I am currently working on Statoil iceberg challenge and after getting near 10th rank, we have reached the plateau and it’s not improving further.
I am currently in ensembling phase where I have 5-10 models each performing 0.15-0.16 on LB and having near 75-85% correlation between them. Currently, I am taking avg of 2-3 models and trying on LB, this sometimes improves sometime doesn’t.
I am looking for two kinds of suggestions.
How to find the best combination, I can’t try all combinations.
What is the best way to stack all these models? I have used Xgboost and LogReg and both overfits to training grossly.
Any help would be appreciated
Sounds like you’re doing fantastically well! Congrats I suspect you’ve seen these already, but wanted to make sure you were aware of these fantastic guides for ensembling:
Also, remember that the public leaderboard isn’t your main guide as to your performance - especially in this competition, where they’ve added thousands of synthetic (augmented) images to the public leaderboard dataset, but not the private leaderboard dataset. So be sure to have a good local validation method, and trust it!
Also, have you looked at the various regularization methods that have greatly improved CIFAR10 results recently, such as shake-shake and shake-drop? And of course snapshot ensembing with SGDR?
Thanks Jeremy for reply
Well, I didn’t know that synthetic images are ONLY IN public leaderboard. I had to synthesize the images in training to match the test dataset. However, it improved performance only from 0.1626 to 0.1594. Maybe the DataAug took care of that already.
I am doing 3-fold CV but 5-fold gives a much better performance. One problem I am facing and I think few others to whom I have talked in top positions is that their training performance is near 0.14 and validation performance is near 0.19 and still it performs about 0.15-0.16 on LB.

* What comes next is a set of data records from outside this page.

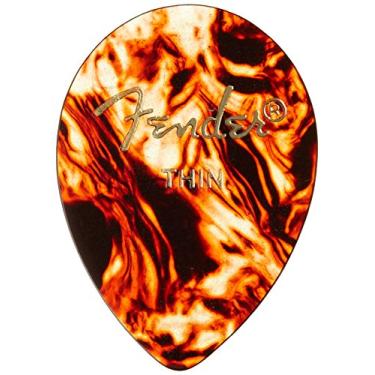 Imagem de Fender Palhetas clássicas de celuloide em formato 354 (pacote com 12) para guitarra elétrica, violão, bandolim e baixo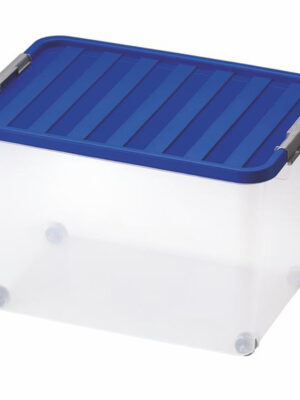 Plastový úložný box s vekom HEIDRUN Clip Box 45l
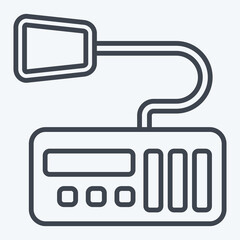 Icon Millitary Radio 2. related to Military symbol. line style. design editable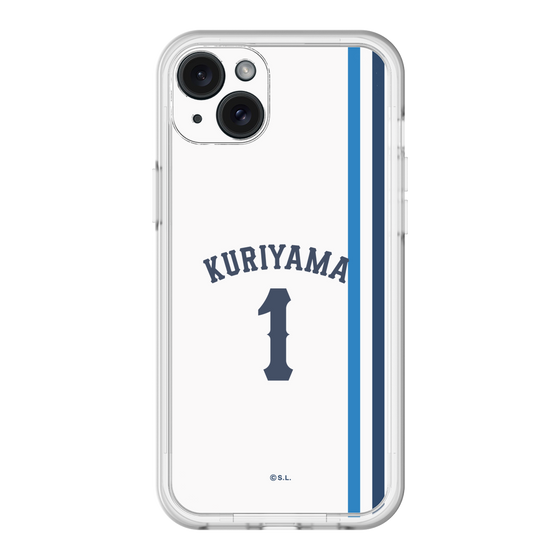 スリムプロテクションプレミアムケース［ 埼玉西武ライオンズ- #1 KURIYAMA - ホーム ］
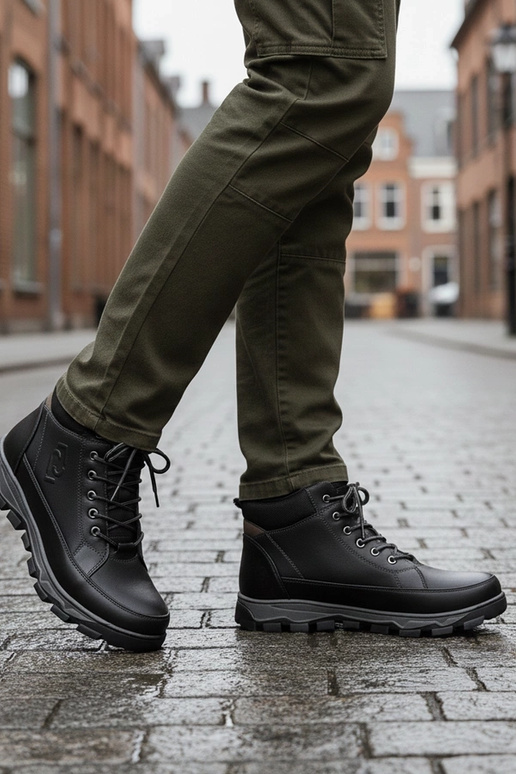 Čierne pánske zateplené tenisky Elias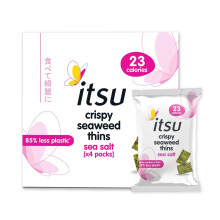 Itsu Crispy Seaweed Thins Sea Salt Multipack Trayless 4 x 5g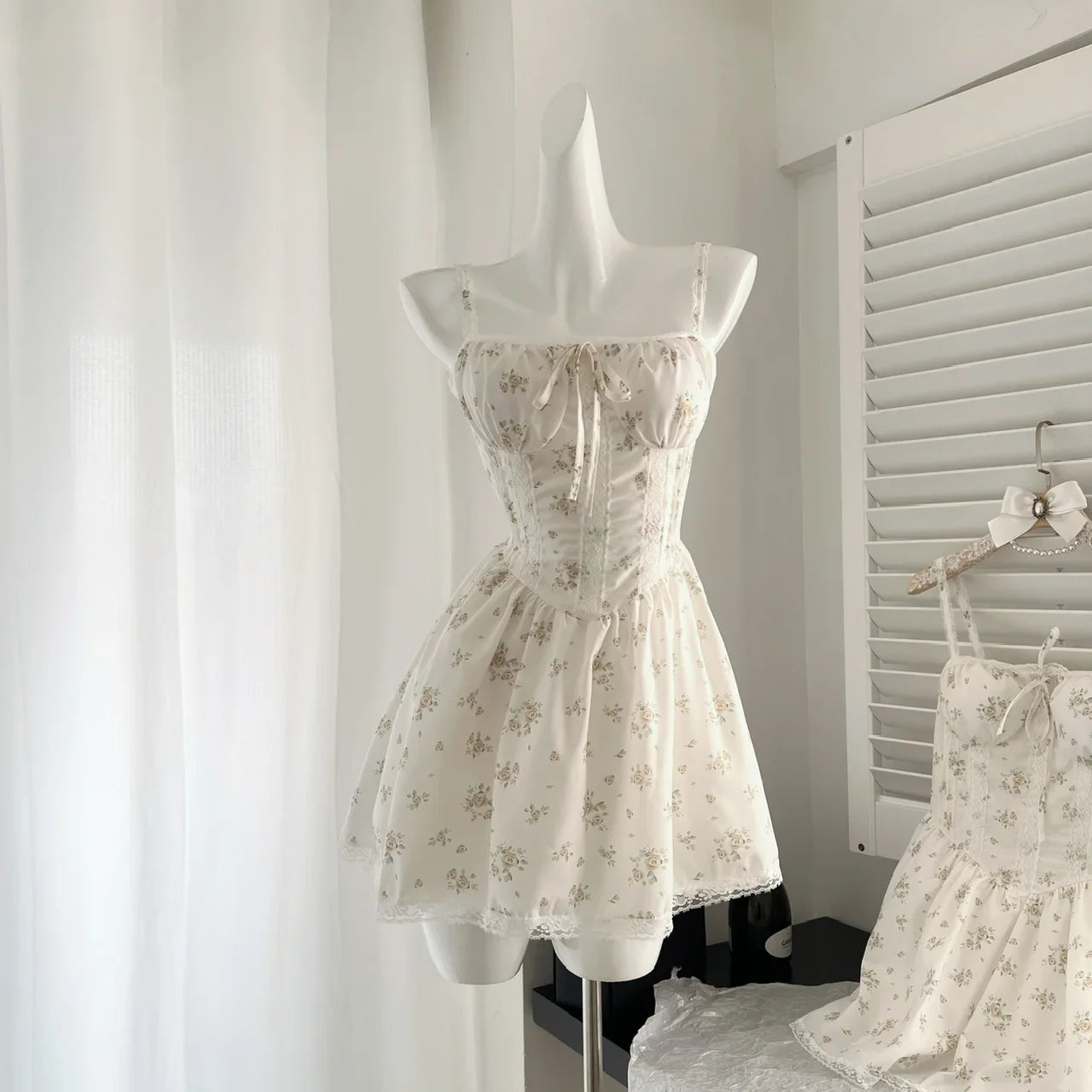MQTIME - Elegant Floral Dress Women Casual Y2k Mini Dress Even Party Beach Style Korean Fashion Clothing Vintage Sexy Outwear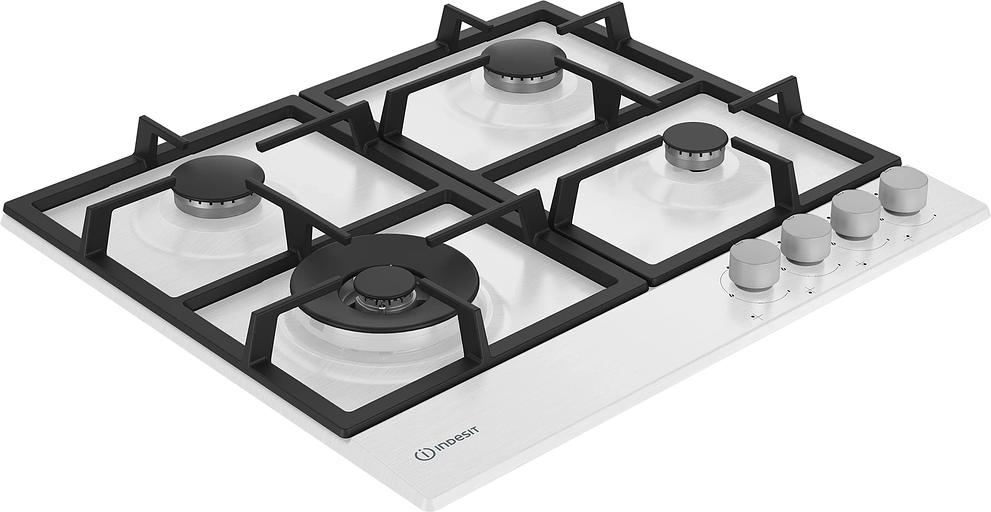 Газовая варочная поверхность Indesit THPM 642 WS/WH/I белый фото 3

Thanks for telling the new techniques, I haven’t used them yet. I will implement them and post the improvement here.
An easier technique BTW to implement is mixup regularization. That might be worth trying, and probably you could throw it together pretty quickly.
Great job securing such a high spot in this competition!!
That being said I would be a little concerned getting 0.19 on validation set and scoring much higher on the public lb at least for this competition like Jeremy says there are 1000s of machine generated images so it could be that your model is learning to predict well on synthetic images but doesn’t perform as well on real images.
For me, I have the opposite situation at the moment, on the training/validation I am able to consistently get 0.05 - 0.06 loss (0.048 with tta) yet on the leaderboard my score is never below 0.2. I am hoping that this is because my model simply performs very poorly on synthetic images which is fine for me if the private lb doesn’t have any. Of course, I could be terribly wrong with my assumptions and still end up at the bottom of the private LB lol
Anyway, just some food for thought!
I’m glad I didn’t enter this comp - unreliable public leaderboards are totally terrifying and keep me up at night!
Maybe you are right but if you look at the synthetic images, most of them are just the images which we generate using standard data aug techniques. So it shouldn’t make much difference because anyway we do that while training.
@devm2024, @jamesrequa Guys, are you adapting datasets to be able to use default functionality of fastai lib?